Cases touch on hot-button issues, including social media, the Jan. 6 insurrection and anonymous donors

The Supreme Court hears arguments Monday in a pair of cases that members of Congress say could influence political discourse in the United States, warning that the justices either could stymie debates on controversial policies or bolster the influence of big-money anonymous donors.

The cases center on California’s requirement that nonprofits disclose a list of major donors of more than $5,000 to state regulators who seek to police charitable fraud. Nonprofits already must file that information with the Internal Revenue Service, which must keep it confidential.

Two charities with histories of backing conservative causes challenged the law as an unconstitutional burden on their freedom of association under the First Amendment because the risk that the state would disclose the information could expose donors to “potential intimidation, retaliation, and harassment,” and dry up the charities’ sources of support.

But the cases play out against the backdrop of a long and contentious debate about the influence of money in politics and shaping public discourse, so it has drawn the attention of lawmakers who have been the most outspoken on the issue.

The cases also touch on some of today’s hot-button issues, including the power of social media, the Jan. 6 attack on the Capitol by Trump supporters, and even how anonymous donors have tried to influence the confirmation process for Supreme Court justices.

A decision in the cases is expected before the end of the term at the end of June.

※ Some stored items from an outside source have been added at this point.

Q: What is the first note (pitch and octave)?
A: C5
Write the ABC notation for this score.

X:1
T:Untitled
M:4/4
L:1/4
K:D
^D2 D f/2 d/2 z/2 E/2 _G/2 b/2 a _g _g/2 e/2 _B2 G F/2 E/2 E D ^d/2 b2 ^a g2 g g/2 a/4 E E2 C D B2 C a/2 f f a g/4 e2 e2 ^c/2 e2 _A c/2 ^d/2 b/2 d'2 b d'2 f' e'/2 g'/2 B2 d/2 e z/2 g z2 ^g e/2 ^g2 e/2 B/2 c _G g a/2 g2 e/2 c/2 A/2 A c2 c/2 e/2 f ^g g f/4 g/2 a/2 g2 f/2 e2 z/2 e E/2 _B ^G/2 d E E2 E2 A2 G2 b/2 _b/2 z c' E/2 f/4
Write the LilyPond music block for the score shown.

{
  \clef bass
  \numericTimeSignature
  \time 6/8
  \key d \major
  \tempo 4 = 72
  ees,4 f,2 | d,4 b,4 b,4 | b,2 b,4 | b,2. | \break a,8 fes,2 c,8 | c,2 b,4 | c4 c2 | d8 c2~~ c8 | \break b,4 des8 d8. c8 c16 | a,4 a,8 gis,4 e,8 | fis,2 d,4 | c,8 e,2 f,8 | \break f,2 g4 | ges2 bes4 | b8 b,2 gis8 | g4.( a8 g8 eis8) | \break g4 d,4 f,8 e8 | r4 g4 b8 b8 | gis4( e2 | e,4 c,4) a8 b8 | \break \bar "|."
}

The justices have a number of paths in the case, including simply sending it back to a lower court or focusing the ruling narrowly on just these two nonprofits.

Senate Minority Leader Mitch McConnell of Kentucky, who has played a leading role in legal challenges to campaign finance laws, filed a brief in the cases to tell the justices that “donor disclosure requirements threaten great practical harm — harassment, boycotts, violence—to those who espouse controversial or unpopular views.”

Supporters of the two charities in this case, Americans for Prosperity Foundation and Thomas More Law Center, faced those dangers, but donors also face “economic reprisals and social ostracism” only made worse by the advent of the internet, McConnell’s brief states.

“That is especially true in an era where a few providers so dominate the flow of information online,” McConnell’s brief states. “Just to take one of innumerable examples, YouTube is able to significantly restrict the flow of information coming out of United States Senate hearings — it takes no imagination to see that powerful media companies could silence, ostracize, or otherwise threaten anyone revealed to contribute to the ‘wrong’ causes.”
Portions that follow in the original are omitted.